──────── Available data ────────
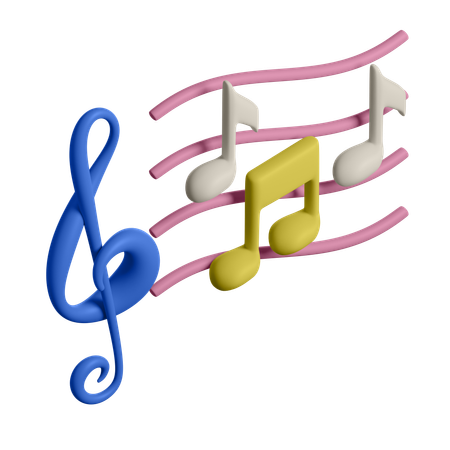 Notes de musique  3D Icon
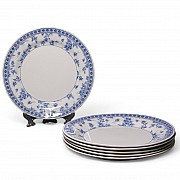 Набор обеденных тарелок 26 см на 6 персон Rose Cluster Blue Claytan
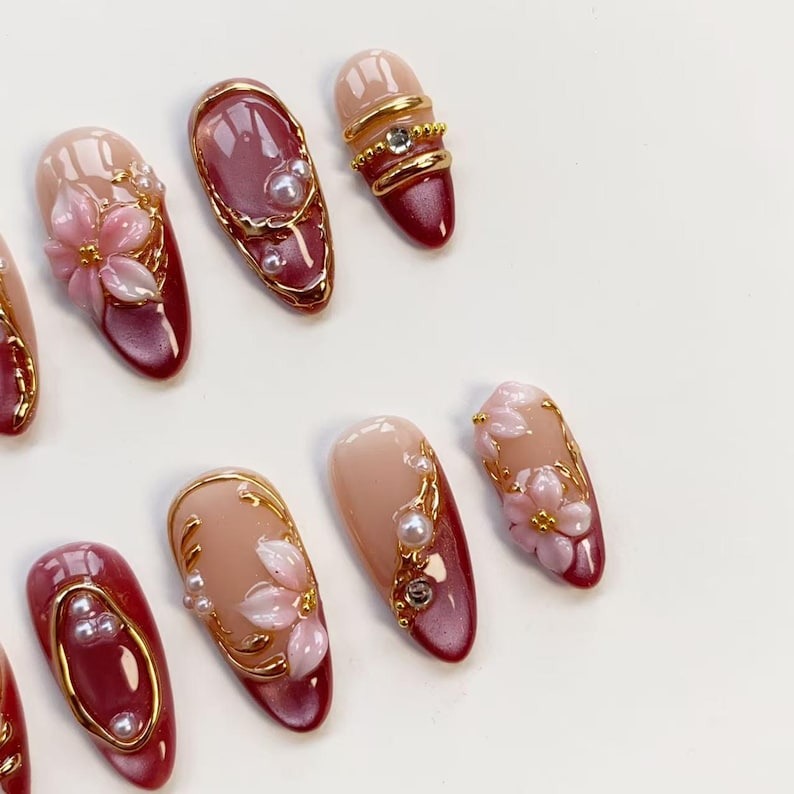 3D Pink Blooming Flower Nails/press on nails long almond nails/Elegant nails/Glitter Pink Cat Eye Nails/3D Gold chrome nails/Birthday nails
────────
* Assigned task
An exact copy of the material above is required, free of any pictures.

* Written solution
 Notes de musique  3D Icon
 Набор обеденных тарелок 26 см на 6 персон Rose Cluster Blue Claytan
 3D Pink Blooming Flower Nails/press on nails long almond nails/Elegant nails/Glitter Pink Cat Eye Nails/3D Gold chrome nails/Birthday nails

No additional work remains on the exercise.